Steven accordingly would not have needed too much persuading when asked to consider whether taxpayers should bankroll the New Zealand Open golf tournament.
Too damned right they should.
Some niggly tossers ask: but will there be a positive return?
It doesn’t matter. We don’t get a positive return, so far as Alf can see, from the money biffed at domestic purpose beneficiaries and other people down on their uppers.
Why should golf be different?
Accordingly we learn today that…
Taxpayers will pay $1.9 million to bankroll the next two New Zealand Open golf tournaments despite the predicted economic return falling well short of the requirement for such a large investment of public money.
The Major Events Development Fund investment requires a return of $4.50 for each dollar handed out.
The 2012 and 2013 golf tournaments, which received taxpayer contributions totalling $1.15 million, returned $2.55 for each dollar received, documents obtained by the Herald under the Official Information Act show.
The projected returns for the 2015 and 2016 events are in a briefing for Minister of Economic Development Steven Joyce.
But the figures have been blacked out in the version given to the Herald. The report does state that the expected returns “are lower than those that would be expected at the requested level of investment”.
Mr Joyce said the projected return was “just one of the things that is taken into consideration”.
The Herald goes on to explain the nature of the pitch made in favour of the application.
It’s an approach the poor people might like to consider, when they join the queue for benefits.
It relied heavily on luring wealthy foreigners and high-powered business executives to play in the pro-am format at Sir Michael Hill’s private golf course The Hills, near Queenstown, alongside the likes of Prime Minister John Key.
But a second report, obviously the work of some grinch within the bureaucracy, tried to pour cold water on the application.
It details the leverage and legacy value of the 2014 tournament and says:
“Experience has shown that it is very difficult to attract the top echelon of overseas business executives and leaders of major corporates in New Zealand) to commit a week of their time (and the money) required to take part in the four-day NZ Open”.
Two $10,000-a-player entries to the 2014 tournament allocated to Tourism New Zealand as part of the $900,000 public funding deal were given back after they could not be filled.
The spots eventually went to two executives from Indonesian state-owned energy company Pertamina at the invitation of New Zealand Trade and Enterprise.
It had been hoped the visit would help New Zealand sell geothermal expertise to Indonesia.
“Unfortunately, the Pertamina representatives were not able to stay on or include stops for business discussions outside Queenstown, and Geothermal New Zealand was not able to free a senior representative to engage with them at the tournament,” the report says.
Alf was delighted to see that Steven has taken issue with those who have been banging on about corporate welfare.
He said there was “no basis” to the view the tournament was a taxpayer-funded jolly for the wealthy and well connected.
“Attracting investment and profile to New Zealand is a serious business,” he said.
We learn something from the Herald about the Major Events Development Fund’s guidelines, by the way.
The Herald says applications are unlikely to succeed if they have “received [fund] support or other significant government funding in the past and have no credible evidence of future financial independence from government support”.
But every rule has its exceptions.
Joyce is obviously aware that six previous tournaments received a total of $3.6 million.
And New Zealand Open organising committee chairman John Hart has very ably defended the use of taxpayer money to help run the event.
Mr Joyce said he had told Mr Hart the tournament would not be bankrolled by the taxpayer on an ongoing basis.

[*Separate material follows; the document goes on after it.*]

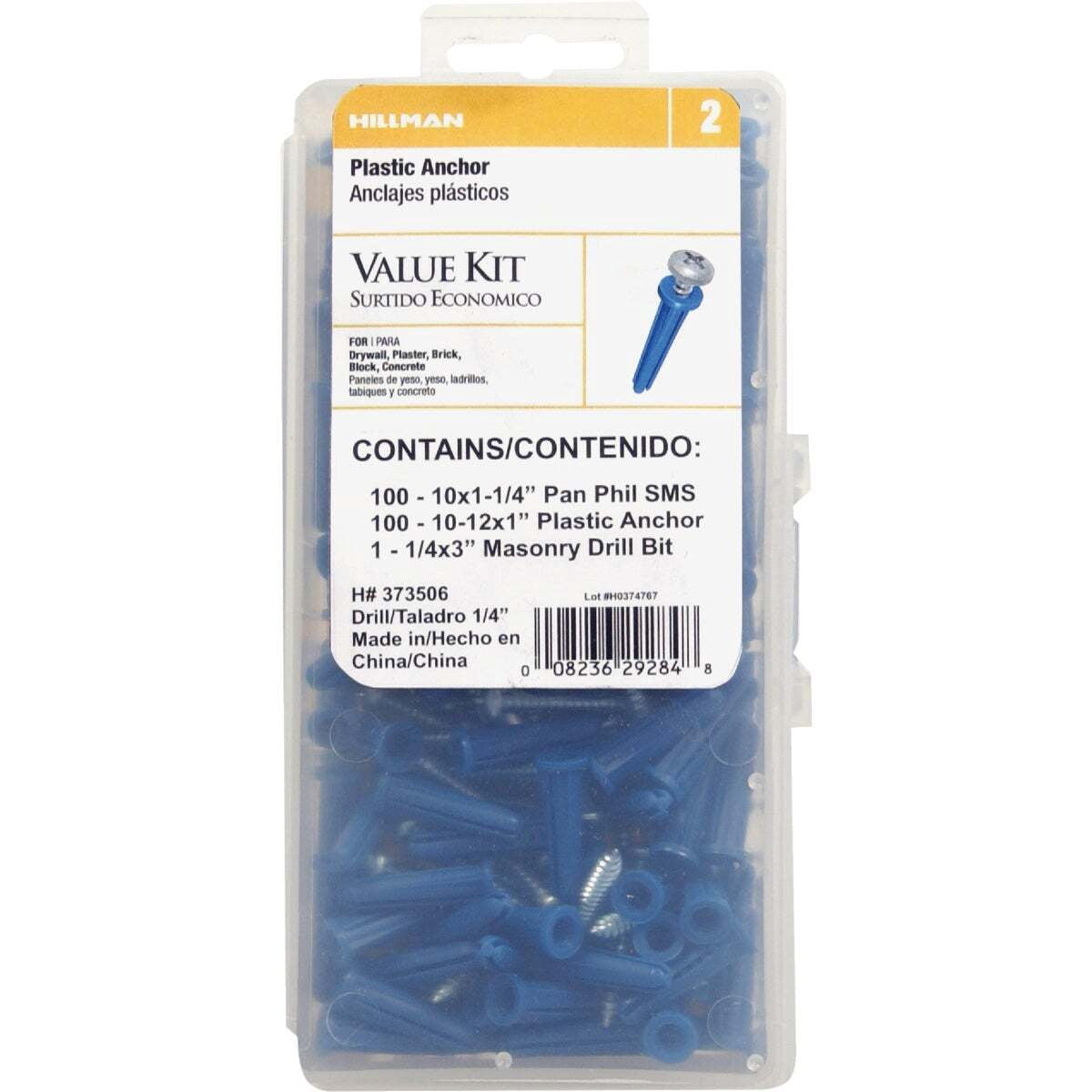 Hillman 373506 Plastic Anchor Kit, 10-12 x 1"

The government would drop its funding from $900,000 to $700,000 for each of the next two years.
But a one-off payment of $500,000 for television coverage means total funding for the event has increased to $950,000 for each of the next two years. In real terms funding has risen in each of the past four years.
Alf has no quibbles about this.
To the contrary, he sees a grand opportunity to promote his constituency and its economic interests by lobbying for the tournament to be taken away from Michael Hill to be held on the local golf course.